Little Ragdoll, my contemporary historical Bildungsroman set from 1959-74. I really like this font and the colouring, since it seems very fitting with the themes of the story, the characters, and the poor/working-class Manhattan setting.
The current third-ish draft of the first of my Max’s House books. It needs a fair bit of revision and rewriting, so it’s entirely possible a later Wordle might be a little different.
The Very First, the chronological first of my Atlantic City books. The font looks very much like my belovèd Palatino. I’m still proud of myself for having turned a 38,000-word mess into a 60,000-word actual story. I had to junk the original Part I, working in some pertinent aspects, and basically write mostly new scenes and chapters to pad out what could be saved or reworked from the original Part II.
The fourth and final Wordle I created for And Jakob Flew the Fiend Away, my WWII Bildungsroman.

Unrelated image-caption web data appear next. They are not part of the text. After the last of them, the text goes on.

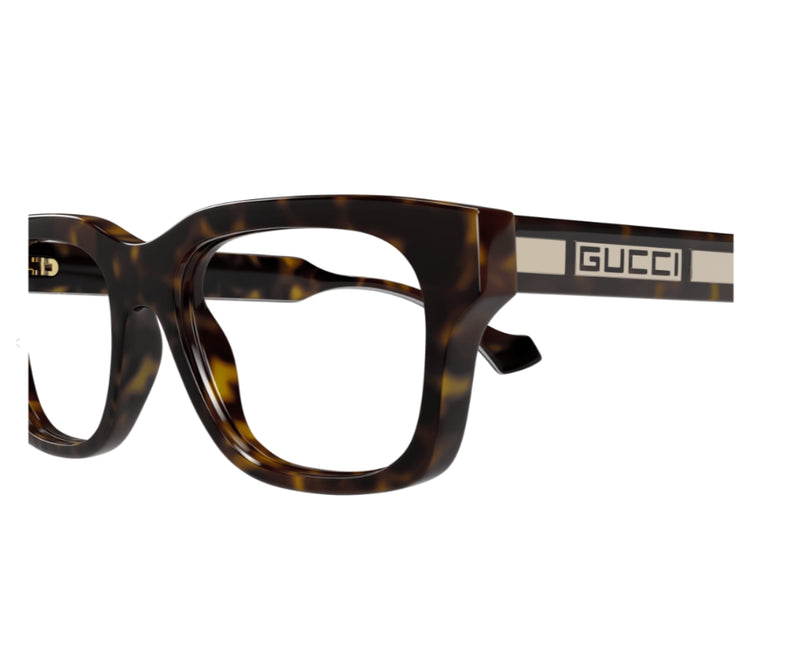 Gucci_Glasses_1731O_002_54_close up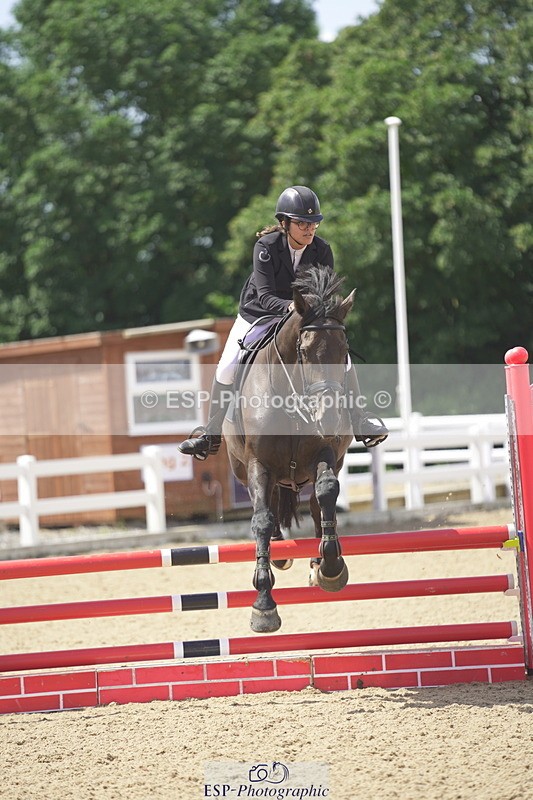 230729A-124232-05923 - Cls 22 85cm Amateur Quali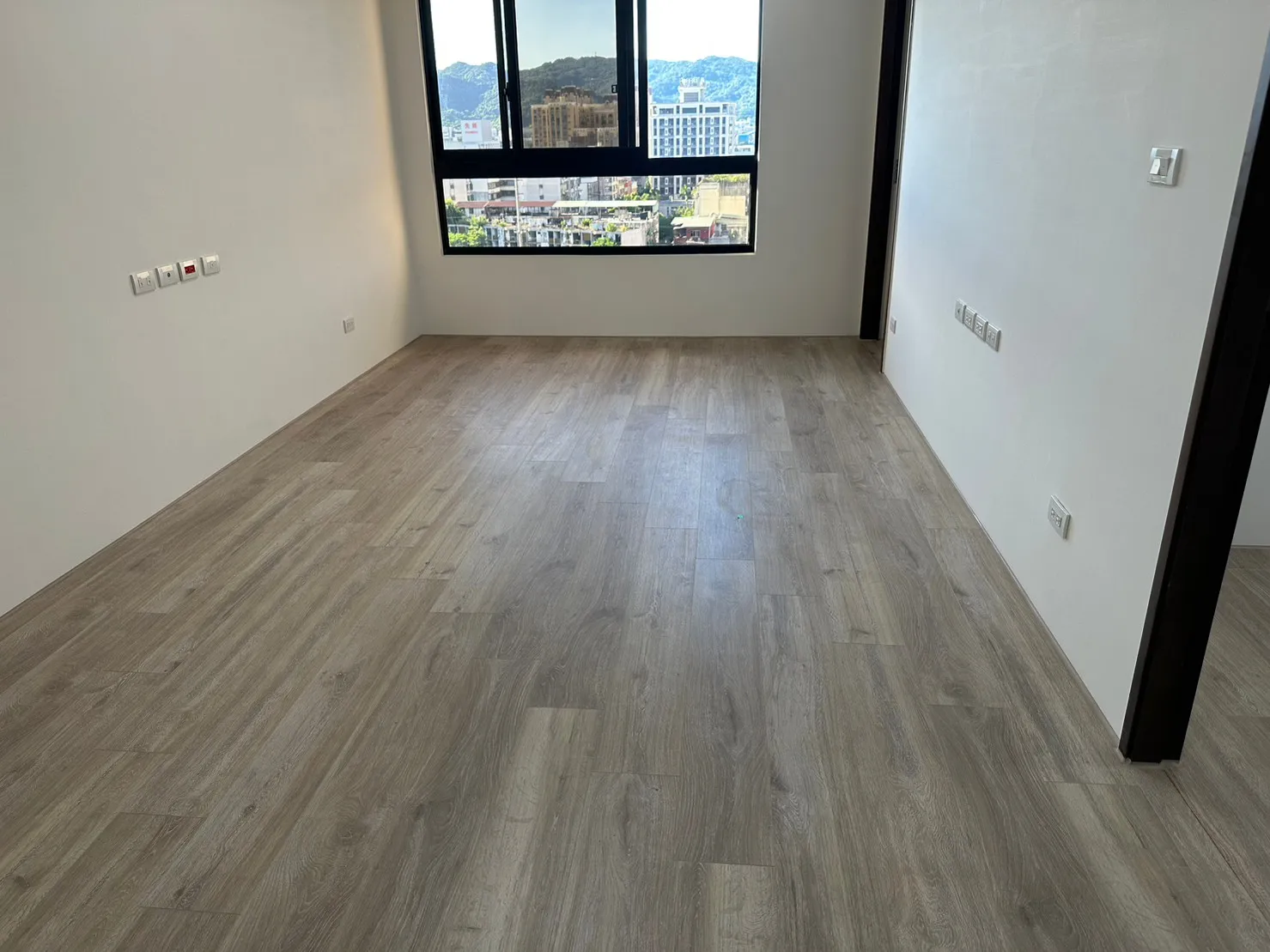 土城德友藏-輕裝修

And the Lark Arose from Sullen Earth, my second volume about Jakob, covering his first year in America and first official year of marriage.
You Cannot Kill a Swan: The Love Story of Lyuba and Ivan, my first Russian historical novel. I still haven’t found a replacement name for Basil, one of the secondary antagonists. I can’t use Vasiliy, since that name is already taken by Ivan’s much-younger cousin, a really sympathetic character and soon to enter the Army in the third book. Since I’m an incurable name nerd, I know I’ll eventually think of something.
The Twelfth Time: Lyuba and Ivan on the Rocks, my second Russian/North American historical novel.